Fenwick Trees


Hello, and welcome to competitive programming. Today we are going to go over a data structure called a Fenwick Tree, which is a good data structure for storing cumulative ranges.


Your objectives are to be able to implement a Fenwick tree.

Motivating Example

Suppose have a sequence of numbers and we want to keep track of their frequency. For instance, maybe we have a set of ratings from 1 to 5, or some exam scores from 1 to 10. I’ll borrow the Competitive Programming book’s example to start. Here are 11 exams scores ranging from 1 to 10. We don’t care about individual exams here, what we want is to ask questions like “how many students score 2 points”.


We can build an array quickly where the index into the array is the particular score we are interested in and the value is the count. So, index 6 has value 3, because three students got six points on the exam.

Now let’s suppose we want to store cumulative frequencies. This allows us to ask questions like “how many students got 5 or fewer points”, or even “how many students got between 4 and 6 points” if we use two lookups.


That too, is pretty simple, and takes only a linear scan to make the cumulative array.

So here, index six has value 7. If we want to know how many people got from 4 and 6 points, we take index 6 and subtract index 3, to get 6. There were three 6’s, two 5’s, and one 4.

So far, so good. But what if we have to update this? Suppose we discover another exam, this one getting a score of three.


In this case, we have to update the three index, which is fast enough, but the cumulative array will need an order n update.

We need a faster way to make these kinds of updates.

Finwick Tree

The problem with the cumulative array is that each element carries in it the sum of its own index and all the indices previous to it. Each element has a linear amount of responsibility.

In a Fenwick tree, we change things by having nodes be responsible for only part of the range.

We want our nodes to have a logarithmic amount of responsibility. Here’s how we will do that. Half of the nodes will store only their own index’s count in them. They will be only responsible for themselves. Half of the nodes that are left will store the sum of their own index plus the index right before it. Then, half of the nodes that are left after that will store four nodes worth of summation, and so on and so forth.


The way we will pick which nodes is by looking at the lower order bit in the binary representation of the index.

Here’s the array again. I’ve put the indices on the bottom this time, and also the binary representation.

Notice how the half of the nodes — every other node — has a low order bit with a 1. So let’s start populating the Fenwick tree: every other node now has the data in it.

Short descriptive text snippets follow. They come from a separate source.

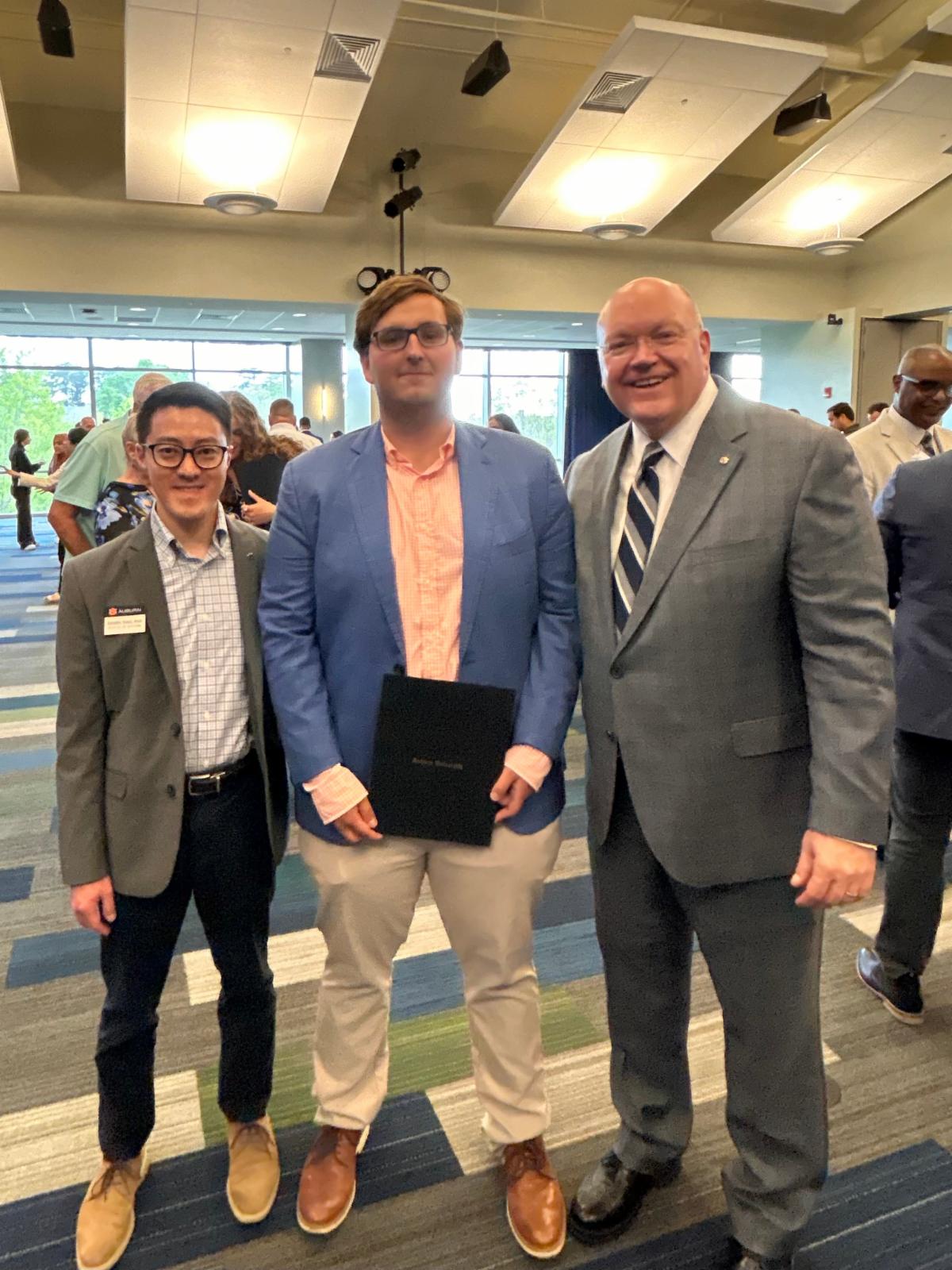 Max Yeast smiling at camera while holding an award. He is standing next to Auburn President Roberts and Professor Daniel Siao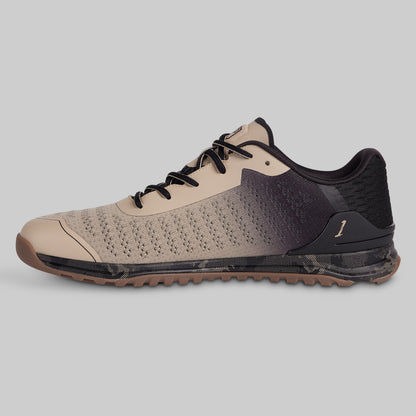 Beige and black sneaker on a gray background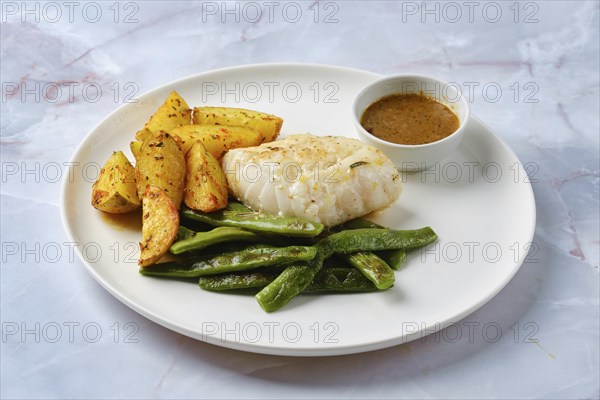 Tender baked cod is paired with vibrant green beans and crispy roasted potato wedges. A savory dipping sauce completes this well-balanced meal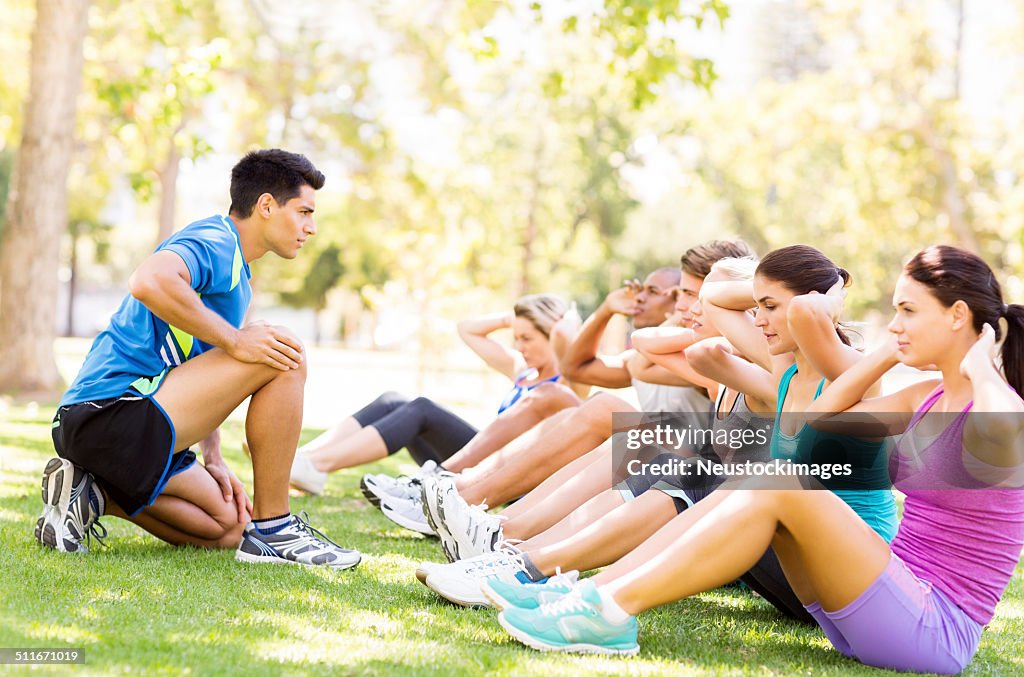 Fitness Instructor Motivating People In Doing Sit-Ups At Park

Now lets look at the elements with low order bits 1 0 . That would be index 2, 6, and 10 here. We will make them carry the sum of themselves and the node to the right.

To keep the node levels visually separate, I’m going to draw the array in multiple levels, but really they are one array. Lets fill in the Fenwick Tree elements with those counts. It will look like this.


I’ve marked the elements in bold that contribute to the sums.

Now we are going to handle elements with low order bits 1-0-0. The only element like that is 4 here. Try to visualize what will happen with this structure.


Here it is. At this point you can see how this array will behave like a tree. One node left: what will it’s value be?


The final node is 8, and has value 10.


To make a query, we have to use the bit pattern of the index n. Here’s how to do it. First, you look up n in the Fenwick tree as if it were a normal array.

Next, we discard n’s least significant 1 and repeat the process until n becomes zero.

Here’s an example. Suppose we want to the sum of the values up to and including 5.


First we look up five itself. The value in the Fenwick Tree of five is two. Now we drop the least significant one from n to get a new n of four.


The value in the tree for index four is also two, giving us a total value of four. If you look at the values in the original array, you see we have 0-1-0-1-2, which sums to four.

Let’s do another example: this time let’s look up 10.


The Fenwick Tree index 10 has value 1. Dropping the least significant one gives you a new n of 8.


The Fenwick Tree index 8 has value 10. This gives us a total value of 11.

You might want to try a few examples of this yourself to be sure you understand the process.

Updating follows a slightly different pattern. We need to update all the nodes that use an updated index as part of its sum.

We can do this by adding the least significant one to the index each time and performing the update. This makes sure we get all the nodes that cover a particular index.

So for example, if I wanted up update 5, for instance, I would need to access 5, then 6, then 8.

So.. how to get the least significant one?


That turns out to be very easy. This function: LSOne, for least significant one, works by doing a binary and with the number and it’s negation.

That’s it for Fenwick trees. See you in class.